La Rai è ora a tutti gli effetti un’amministrazione pubblica. A valutarla in tale modo è stato l’Istituto italiano di statistica. Una statuizione derivata dai dettami di Eurostat, che ad agosto ha deciso di includere nel perimetro delle amministrazioni pubbliche anche le televisioni a controllo statale. Decisiva in tal senso è la mancata copertura dei costi di esercizio da parte di Viale Mazzini. Proventi derivanti da spot o vendita di programmi non bastano a coprire le spese. L’inserimento del canone Rai nella bolletta elettrica ha probabilmente avuto un ruolo rilevante nella presa di posizione dell’Europa. Ora la Rai rientra nel novero delle entità che possono contribuire a creare il deficit annuale e il debito strutturale dello Stato. La decisione dell’Istat ha scatenato il dibattito sull’identità giuridica della tv di Stato, che era stata disciplinata recentemente dalla legge 220/2015. Questo provvedimento stabilisce che la Rai, nonostante sia quasi totalmente sotto il controllo dello Stato, è assimilabile ad una società per azioni e pertanto è in regime concorrenziale con le altre aziende radiotelevisive private.
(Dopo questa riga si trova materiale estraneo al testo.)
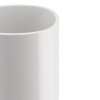 Tandenborstelbeker BIRILLO, wit, Alessi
Anche per questo motivo da Viale Mazzini attendono un aiuto da parte del Governo, che potrebbe prendere provvedimenti per modificare la decisione dell’istituto.
L’appartenenza alle amministrazioni pubbliche può essere un limite per la tv di Stato, che sotto diversi aspetti rischia di essere imbrigliata nelle maglie della burocrazia. L’art.3 della legge 220/15 concede diverse deroghe alla Rai in materia di contratti pubblici. La tv di Stato non è perciò tenuta a seguire la disciplina dettata dal dlgs 163/2006, il cosiddetto codice dei contratti pubblici. La pronuncia dell’Istat potrebbe porre fine alle corsie preferenziali per assunzioni, appalti e vendite di opere audiovisive. Altro nodo è il rapporto con la Consip, l’ente che sovrintende agli acquisti della PA. Una qualifica della Rai come amministrazione pubblica costringerebbe la tv pubblica a rallentare l’iter di acquisto di beni funzionali al servizio pubblico.
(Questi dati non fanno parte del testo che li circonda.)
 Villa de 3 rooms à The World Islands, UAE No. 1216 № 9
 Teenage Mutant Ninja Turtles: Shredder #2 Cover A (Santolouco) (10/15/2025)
Nelle ultime ore il Cda della Rai ha espresso forte preoccupazione per la decisione dell’Istat. La presidente Monica Maggioni ha dato piena libertà d’azione all’ad Antonio Campo Dall’Orto, che ha tre mesi per compiere le azioni utili a modificare una situazione ritenuta dannosa per l’azienda. La Maggioni ha chiesto anche l’intervento della Commissione di Vigilanza per scongiurare il rischio della mancanza di operatività di Viale Mazzini. La tv pubblica ricorrerà alla Corte dei Conti, probabilmente con il sostegno dell’Ebu, l’organismo europeo che raggruppa i principali servizi pubblici radiotelevisivi. Un appoggio dovuto al comune interesse per le valutazioni dell’Europa, che in passato ha già equiparato tv pubbliche di paesi in grave deficit finanziario a beni statali. Il caso più eclatante è quello della tv greca Ert, chiusa nel 2013 per ridurre i costi della Pubblica Amministrazione.